The fact that you have been involved in a motor vehicle collision can be a traumatic experience. Cases involving high impact collisions typically involve very serious injuries to the parties involved and the details of the accident are often not remembered. However, your insurance company will want to recount the details of the collision in order to determine liability (fault) and damages. There are different types of motor vehicle collisions, and knowing what type of collision you were involved in will better serve your memory and help move your claim along as swiftly as possible.
REAR IMPACT COLLISION
Rear-impact collision, often referred to as being “rear-ended”, happens when one car strikes the car in front of it from behind. The most common cause of rear-impact collision is failure to leave proper stopping distance between cars. Insurance companies will almost always place fault upon the driver of the car that rear-ends the other. For this reason, and for the safety of yourself and others on the roadway, a driver should always leave proper stopping distance between cars.
SIDE IMPACT COLLISION
A side-impact collision occurs where one car hits the side of another. This often happens as one vehicle is attempting to merge into another vehicle’s lane of travel or by a driver negligently running a stop signal, resulting in a “T-bone” collision. Severity of the collision varies based on the model of the vehicles involved, the speed of the vehicles, and the safety features present. Modern vehicles have safety measures in place to help reduce injuries of side-impact collisions including: side-impact airbags and crumple zones that minimize the kinetic energy that is felt by the passengers of the vehicle.

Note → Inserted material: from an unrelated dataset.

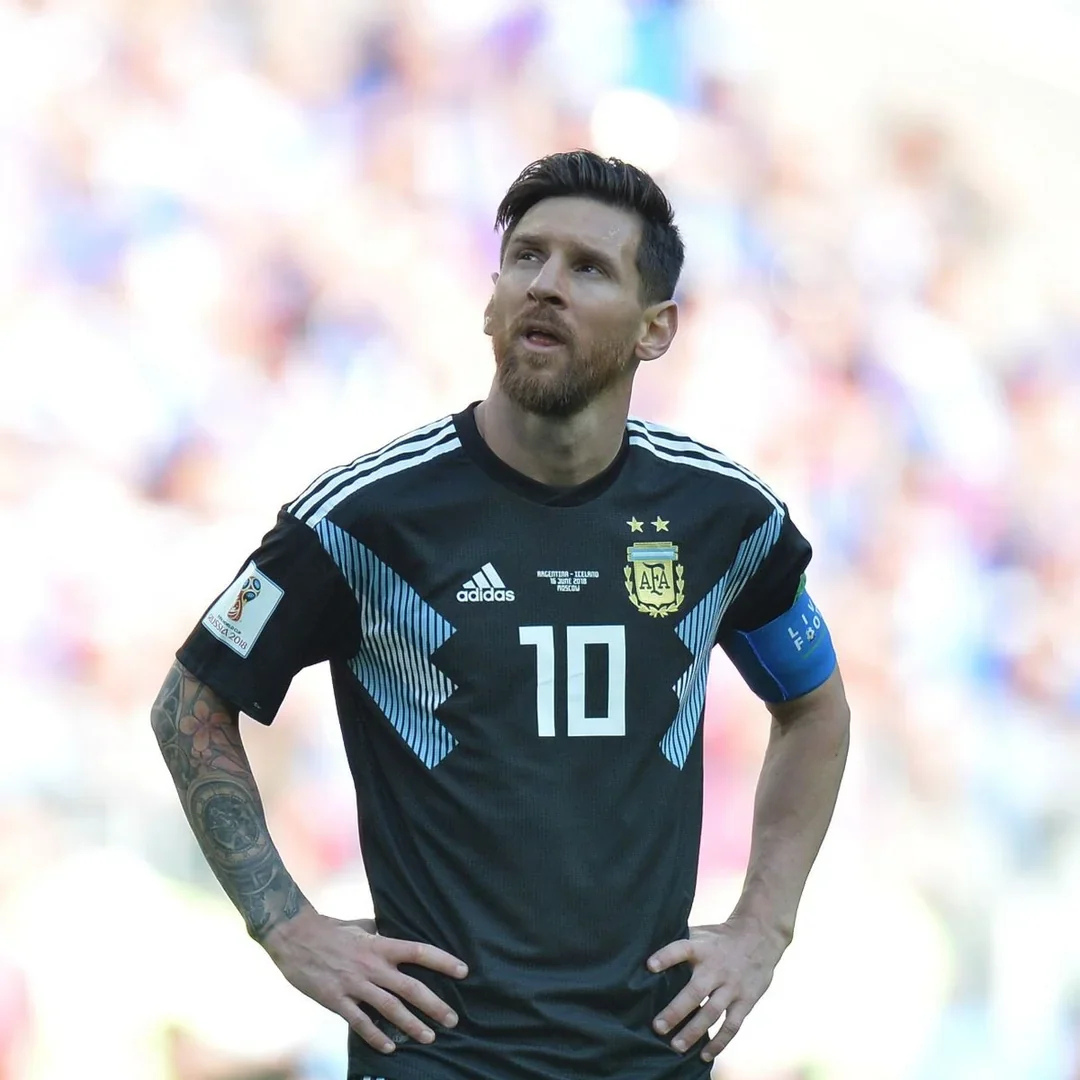 Messi Argentina Maglia Away 2018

Head-on collisions occur when the front of a vehicle strikes another vehicle or a stationary object. Head-on collisions are particularly dangerous because they often happen at high rates of speed and are frequently caused when a driver falls asleep behind the wheel or is intoxicated, causing them to drift into the opposing lane of travel. Many states have taken preventative measures for minimizing the frequency of head-on collisions by implementing median barriers that act to prevent a vehicle from entering the opposing lane of travel, especially on the interstate highway system.

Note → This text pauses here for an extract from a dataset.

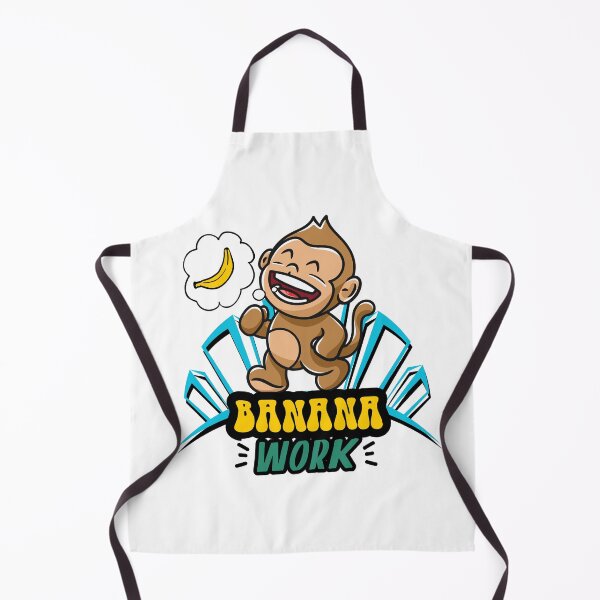 Item preview, Monkey "Banana Work" designed and sold by MEGAEYNAS.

A rollover is when a vehicle flips over onto either its side or the roof. The main cause of rollovers is turning sharply at a high rate of speed, especially if a person is traveling in a SUV. As a vehicle rounds a curve, centripetal force, centrifugal force, and gravity combine to keep the vehicle grounded. When the centripetal force and centrifugal force are enough to overcome the force of gravity, the vehicle can flip. Another type of rollover can occur when a vehicle is sliding sideways. When the tires hit an object, such as a street curb, the increase in lateral force will cause the vehicle to roll. In an effort to prevent rollovers, many car manufacturers have reduced the steering wheel capability in taller vehicles.
Runoffs are simply where a vehicle runs off the road, often striking a stationary object such as a guard rail or median divider. If a vehicle does strike a fixed object, resultant injuries are likely. This type of accident frequently occurs because the driver is distracted, tired, or not paying proper attention. The advancements made in cellular phone technology, while allowing us to stay continually connected others, serves to also distract our attention while driving. A simple way to avoid this type of collision is to not answer phone calls or text messages while driving.